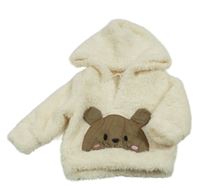 Smeatnová chlupatá mikina s medvídkem a kapucí Shein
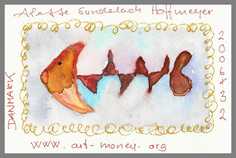 119 Art money 2006-032 - Akvarel p papir 18 x 12 cm - Alettes Maleri (akvarel og akryl)
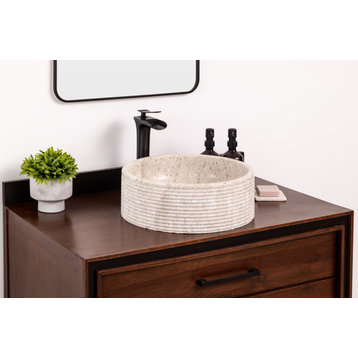 Natural Stone Vessel Bathroom Sink, Brushed Blizz Marble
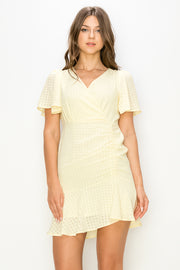 Plaid Shirring Mini Dress / S#ABDD0111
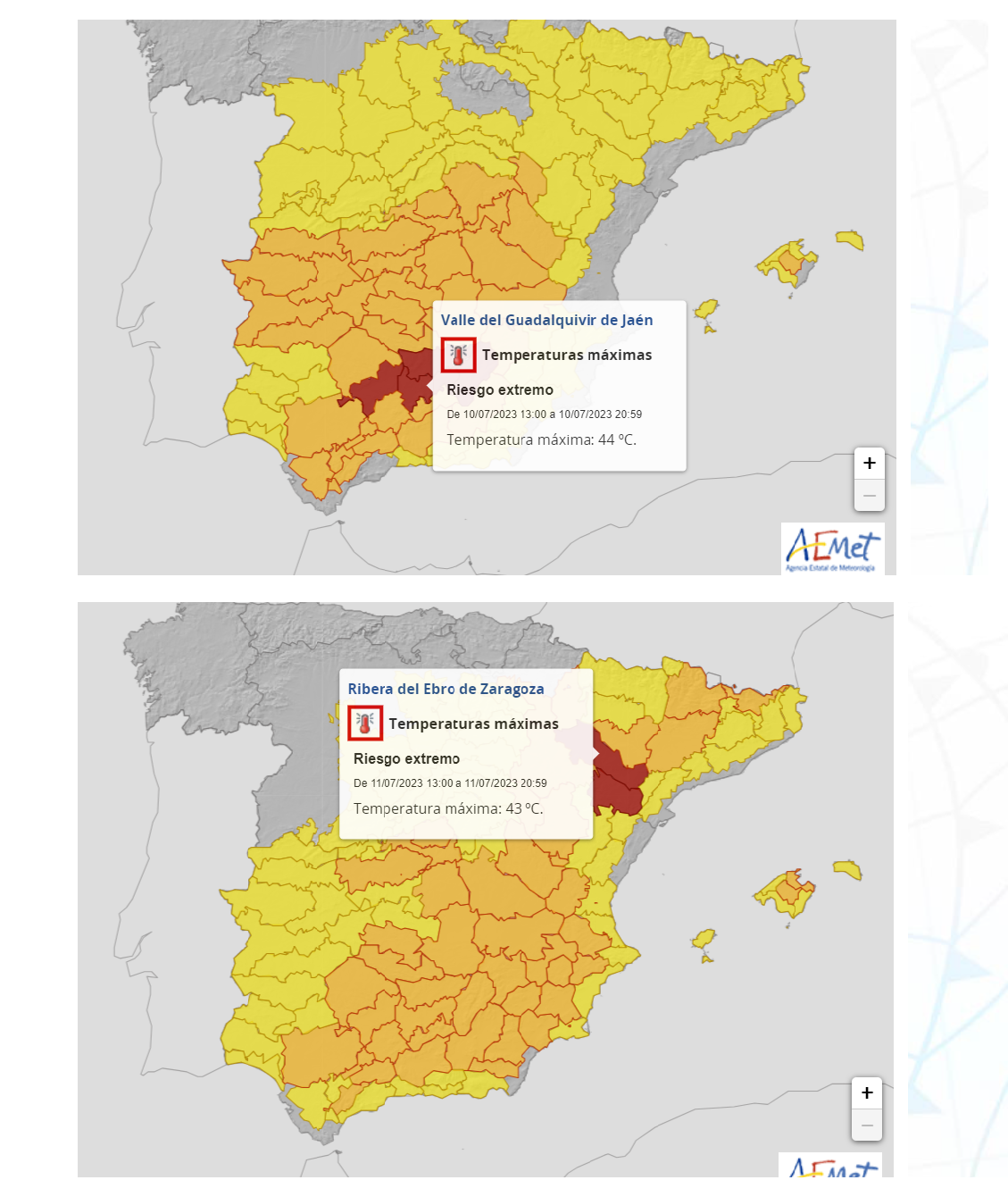 Alertas por calor previstas para el lunes y martes
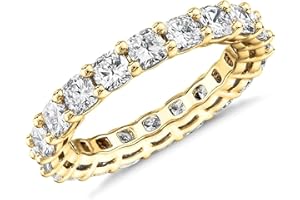 PAVOI 14K Gold Plated Eternity Ring for Women - Square-Cut Cubic Zirconia Rings - Stackable Love Wedding Band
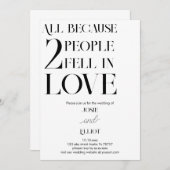 Einfache moderne dunkle und leichte Hochzeit Einladung (Vorne/Hinten)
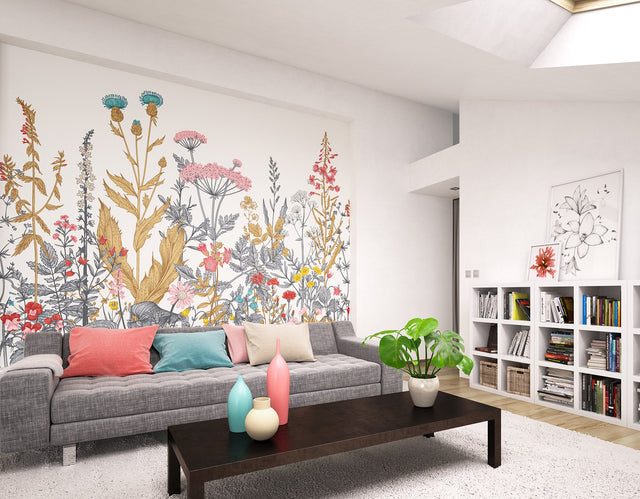 Botanical Fleur Multicolor Wall Mural with Modern Floral Pattern - Origin Murals MUR109M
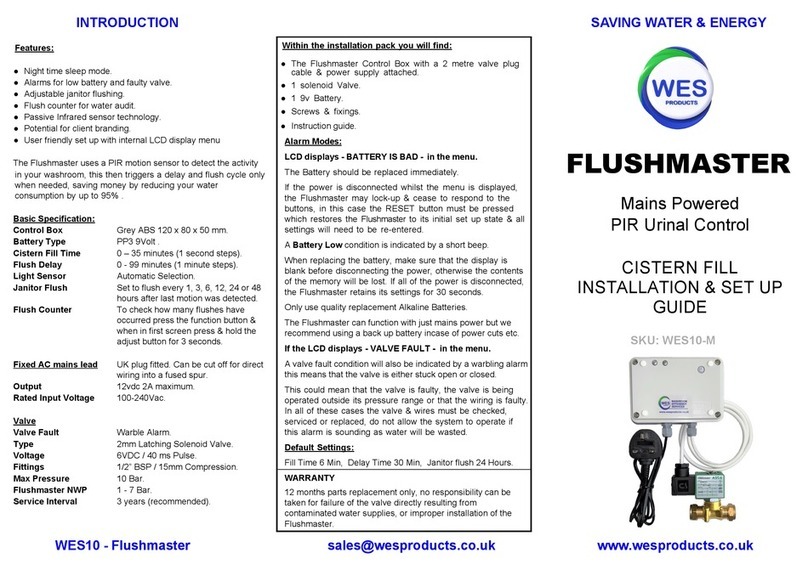 Wesco FLUSHMASTER WES10-M User manual
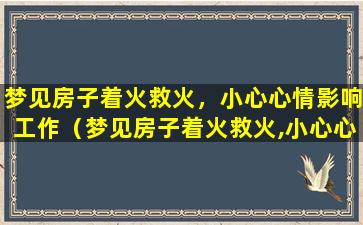 梦见房子着火救火，小心心情影响工作（梦见房子着火救火,小心心情影响工作）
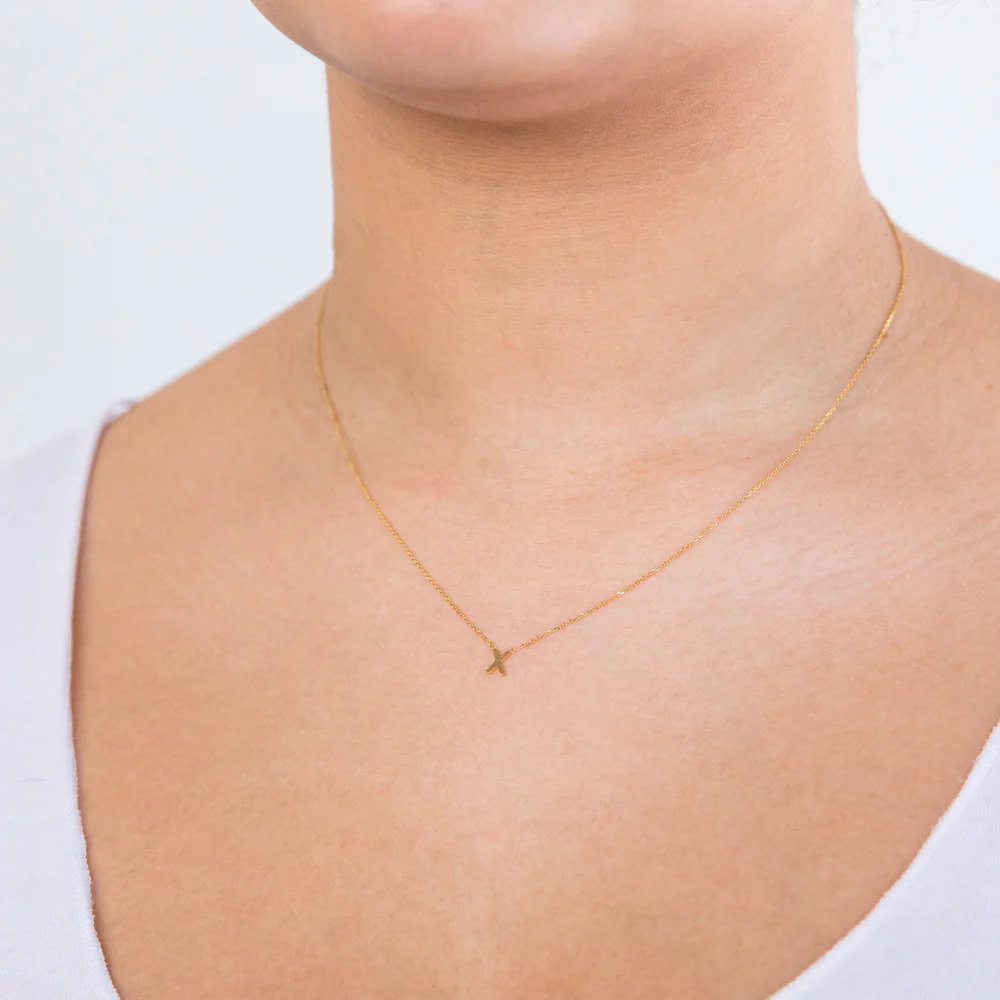 9ct Yellow Gold Initial "X" Pendant on 43cm Chain - Image 2
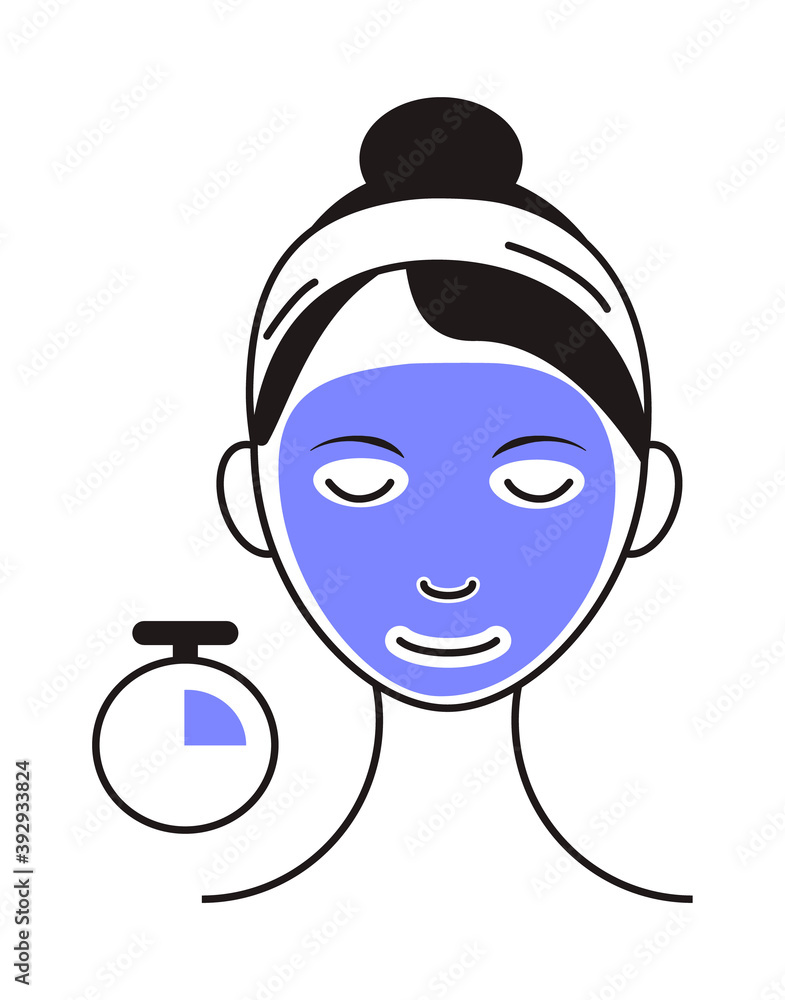 Fototapeta premium Facial mask sheet applying icon vector. Girl shows how to cleaning, whiting face and use cosmetic mask. Info-graphic in outline style illustration isolated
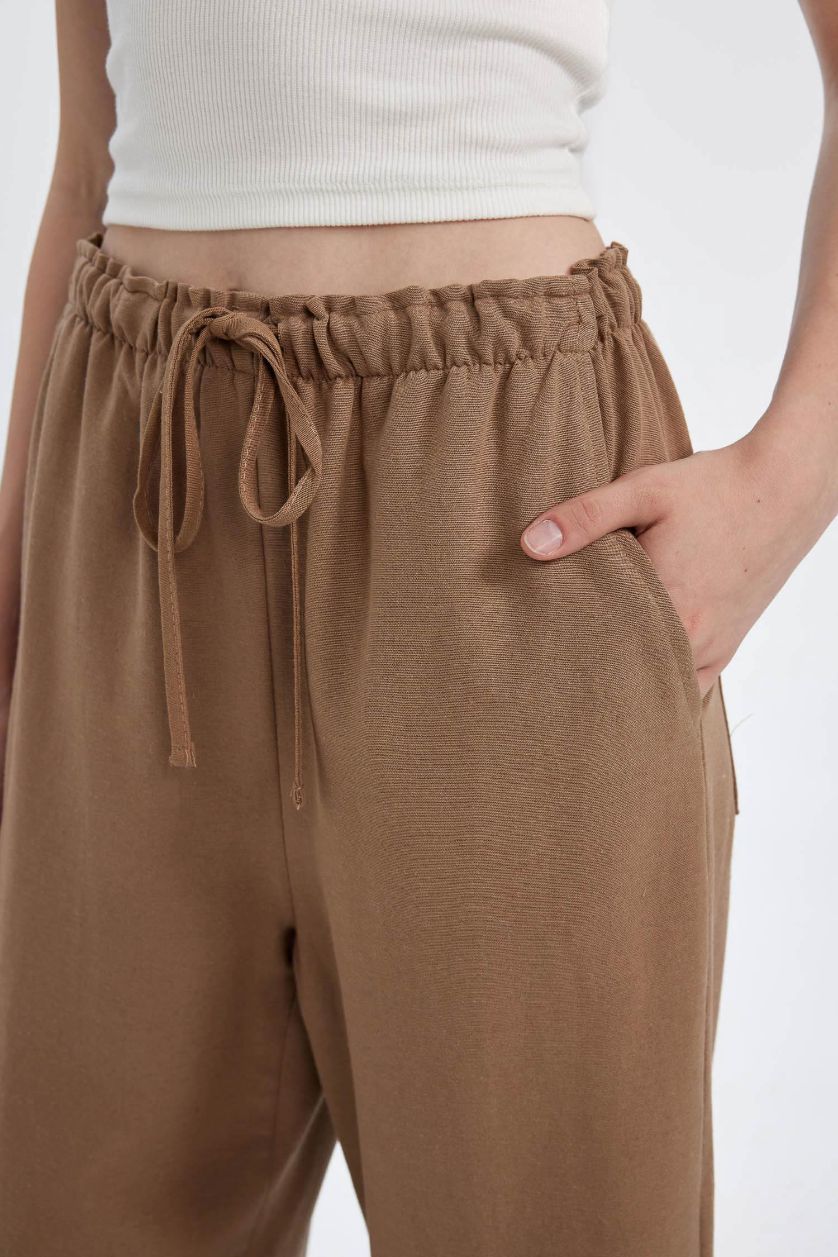 نساء بيج بنطرون من مزيج الكتان وايد ليج بثلاثة جيوب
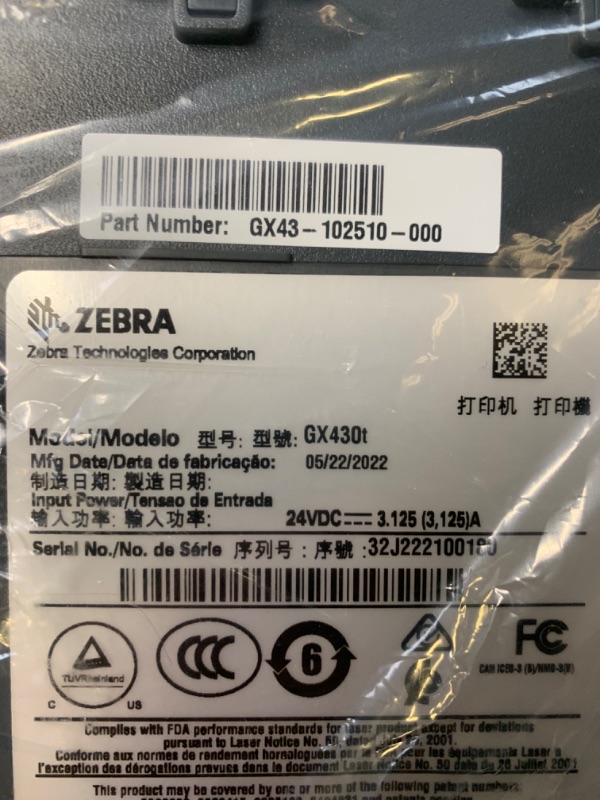 Photo 4 of ZEBRA GX430t Thermal Transfer Desktop Printer Print Width of 4 in USB Serial Parallel and Ethernet Connectivity GX43-102410-000 --- Box Packaging Damaged, Item is New
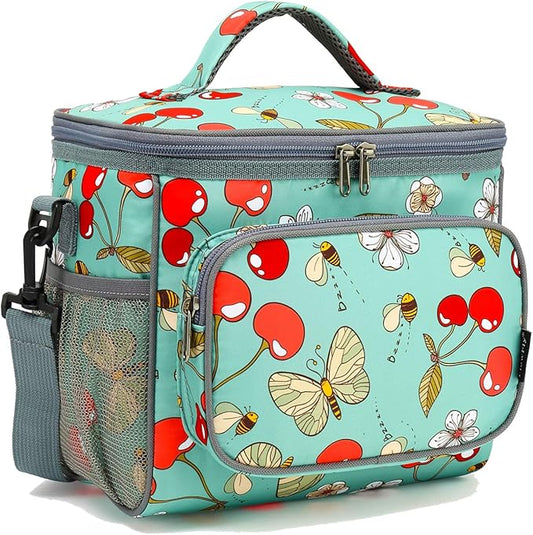 FlowFly Insulated Reusable Lunch Bag Adult Large Lunch Box for Women and Men with Adjustable Shoulder Strap,Front Zipper Pocket and Dual Large Mesh Side Pockets,Cherry-NeatNest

● WHAT TO WORK ON
The reply should hold an exact repeat of the entries from their opening line through the line with "Plaid Shirring Mini Dress / S#ABDD0111", and no pictures at all.

● SOLUTION FOR THIS PROBLEM
 Smeatnová chlupatá mikina s medvídkem a kapucí Shein
 119 Art money 2006-032 - Akvarel p papir 18 x 12 cm - Alettes Maleri (akvarel og akryl)
 Natural Stone Vessel Bathroom Sink, Brushed Blizz Marble
 Plaid Shirring Mini Dress / S#ABDD0111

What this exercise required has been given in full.